Hughes has been teaching in New Mexico for ten years and graduated from NMHU in 2014 with a master’s degree in special education. She currently serves as a State Ambassador with the New Mexico Public Education Department, and she is a member of the Teacher Leader Network. Hughes teaches a four-year-old inclusion pre-kindergarten class at the Nye Early Childhood Center in Santa Fe.
Hughes’s love for education was sparked by her experiences helping in the home daycare her mother ran when Hughes was growing up.
“I helped out after school and most of them were neighborhood kids and there was always so much energy,” Hughes said. “There were always kids around and always something happening and so much learning and excitement.”
Hughes later went on to study technical theatre and studio art in college in Connecticut. A job opportunity doing carpentry and welding at the Santa Fe Opera brought her to New Mexico for the first time in 2000. Hughes then returned to the East Coast where she worked in a two-room schoolhouse.
“Both of the rooms were for students with diverse abilities; there were no neurotypical students in the classroom,” Hughes said. “I fell in love with teaching. I saw the power of early childhood education and early intervention services on students and their families.

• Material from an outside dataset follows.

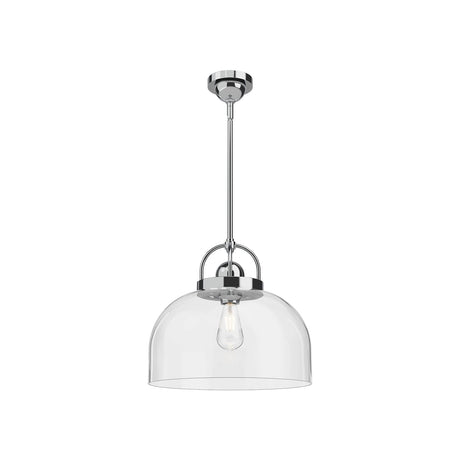 Alora Mood Lancaster 15-in Pendant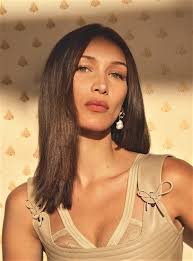 Check spelling or type a new query. Bella Hadid Carla Bruni And Riccardo Tisci For Elle France February 28 2020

I witnessed the hope that came with families watching their children be successful in a school setting and said, ‘yeah, this is what I want to do.’”
Knowing she wanted to pursue a career in special education, Hughes returned to New Mexico and completed a master’s degree at NMHU. In her role as a public educator at the Nye Early Childhood Center, Hughes teaches four-year-old children with a range of exceptionalities who have aged out of home services but are too young to enter kindergarten and receive services there.
“We bridge that gap,” Hughes said. “And my classroom is a little different because it’s considered an inclusion classroom where I’m the case manager for children who have individual education plans.”
Hughes said she is honored to be the first early childhood educator to receive the Teacher of the Year award.
“Sometimes early childhood education can be misunderstood,” Hughes said. “Through intentional play we are setting strong foundations for kids to be collaborative, to have strong social-emotional skills, and early literacy and early math skills. We are setting the stage for children to be able to cooperate, share ideas and be kind humans.”
Hughes is hopeful that receiving the Teacher of the Year award will help her spread the message about the importance of inclusion in classrooms and the importance of high quality, early childhood education programs.
“It’s such an honor and I really hope I’m able to elevate other teachers in this profession,” Hughes said. “When we elevate other teachers, we are elevating our students.”